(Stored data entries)
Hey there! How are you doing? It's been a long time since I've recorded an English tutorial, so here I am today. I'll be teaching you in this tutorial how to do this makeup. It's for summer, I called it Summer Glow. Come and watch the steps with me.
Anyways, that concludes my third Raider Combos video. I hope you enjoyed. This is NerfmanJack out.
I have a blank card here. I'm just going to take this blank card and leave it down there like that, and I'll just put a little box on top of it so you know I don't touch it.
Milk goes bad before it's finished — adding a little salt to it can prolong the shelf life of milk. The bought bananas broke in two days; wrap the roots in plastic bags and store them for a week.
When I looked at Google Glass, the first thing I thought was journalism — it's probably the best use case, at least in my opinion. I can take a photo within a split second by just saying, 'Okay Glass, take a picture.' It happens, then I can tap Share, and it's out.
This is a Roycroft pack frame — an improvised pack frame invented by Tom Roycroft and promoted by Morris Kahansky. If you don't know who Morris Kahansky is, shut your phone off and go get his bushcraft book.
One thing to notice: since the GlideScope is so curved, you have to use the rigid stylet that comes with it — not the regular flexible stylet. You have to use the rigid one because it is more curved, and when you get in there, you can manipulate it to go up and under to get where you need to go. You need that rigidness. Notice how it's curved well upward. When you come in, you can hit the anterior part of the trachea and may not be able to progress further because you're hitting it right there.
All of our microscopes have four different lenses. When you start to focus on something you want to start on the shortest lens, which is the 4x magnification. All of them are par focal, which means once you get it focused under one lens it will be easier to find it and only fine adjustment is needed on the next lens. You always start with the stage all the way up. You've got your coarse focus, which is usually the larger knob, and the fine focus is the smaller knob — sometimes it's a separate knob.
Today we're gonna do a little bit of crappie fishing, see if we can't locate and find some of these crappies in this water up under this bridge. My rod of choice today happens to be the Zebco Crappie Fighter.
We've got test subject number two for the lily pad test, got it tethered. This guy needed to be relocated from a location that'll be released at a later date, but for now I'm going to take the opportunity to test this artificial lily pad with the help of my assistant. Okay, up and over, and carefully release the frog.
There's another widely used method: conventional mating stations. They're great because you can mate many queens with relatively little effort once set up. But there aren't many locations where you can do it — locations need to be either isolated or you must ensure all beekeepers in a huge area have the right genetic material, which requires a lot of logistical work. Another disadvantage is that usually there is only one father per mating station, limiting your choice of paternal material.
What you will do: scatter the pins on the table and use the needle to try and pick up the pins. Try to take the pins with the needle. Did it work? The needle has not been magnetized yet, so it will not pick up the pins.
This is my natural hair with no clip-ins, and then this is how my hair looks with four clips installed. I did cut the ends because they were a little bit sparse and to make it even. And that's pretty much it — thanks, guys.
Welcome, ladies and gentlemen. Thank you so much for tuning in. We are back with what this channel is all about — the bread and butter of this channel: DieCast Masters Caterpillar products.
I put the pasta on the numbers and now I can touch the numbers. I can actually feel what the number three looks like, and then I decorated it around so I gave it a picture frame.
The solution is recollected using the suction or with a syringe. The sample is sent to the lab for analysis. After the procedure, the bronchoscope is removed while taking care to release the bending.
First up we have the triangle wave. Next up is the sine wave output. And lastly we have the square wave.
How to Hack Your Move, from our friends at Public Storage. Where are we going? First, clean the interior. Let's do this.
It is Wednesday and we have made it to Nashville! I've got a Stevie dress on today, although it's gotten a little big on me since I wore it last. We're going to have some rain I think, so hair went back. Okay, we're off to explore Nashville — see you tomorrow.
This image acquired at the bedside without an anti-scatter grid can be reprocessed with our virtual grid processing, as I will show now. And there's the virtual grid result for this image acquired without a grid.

[REQUIRED ACTION] Could you return exactly the stretch of the data above that starts at the line with "All of our microscopes" and ends at the line with "Welcome, ladies and", both lines included?

[EXERCISE OUTPUT]
All of our microscopes have four different lenses. When you start to focus on something you want to start on the shortest lens, which is the 4x magnification. All of them are par focal, which means once you get it focused under one lens it will be easier to find it and only fine adjustment is needed on the next lens. You always start with the stage all the way up. You've got your coarse focus, which is usually the larger knob, and the fine focus is the smaller knob — sometimes it's a separate knob.
Today we're gonna do a little bit of crappie fishing, see if we can't locate and find some of these crappies in this water up under this bridge. My rod of choice today happens to be the Zebco Crappie Fighter.
We've got test subject number two for the lily pad test, got it tethered. This guy needed to be relocated from a location that'll be released at a later date, but for now I'm going to take the opportunity to test this artificial lily pad with the help of my assistant. Okay, up and over, and carefully release the frog.
There's another widely used method: conventional mating stations. They're great because you can mate many queens with relatively little effort once set up. But there aren't many locations where you can do it — locations need to be either isolated or you must ensure all beekeepers in a huge area have the right genetic material, which requires a lot of logistical work. Another disadvantage is that usually there is only one father per mating station, limiting your choice of paternal material.
What you will do: scatter the pins on the table and use the needle to try and pick up the pins. Try to take the pins with the needle. Did it work? The needle has not been magnetized yet, so it will not pick up the pins.
This is my natural hair with no clip-ins, and then this is how my hair looks with four clips installed. I did cut the ends because they were a little bit sparse and to make it even. And that's pretty much it — thanks, guys.
Welcome, ladies and gentlemen. Thank you so much for tuning in. We are back with what this channel is all about — the bread and butter of this channel: DieCast Masters Caterpillar products.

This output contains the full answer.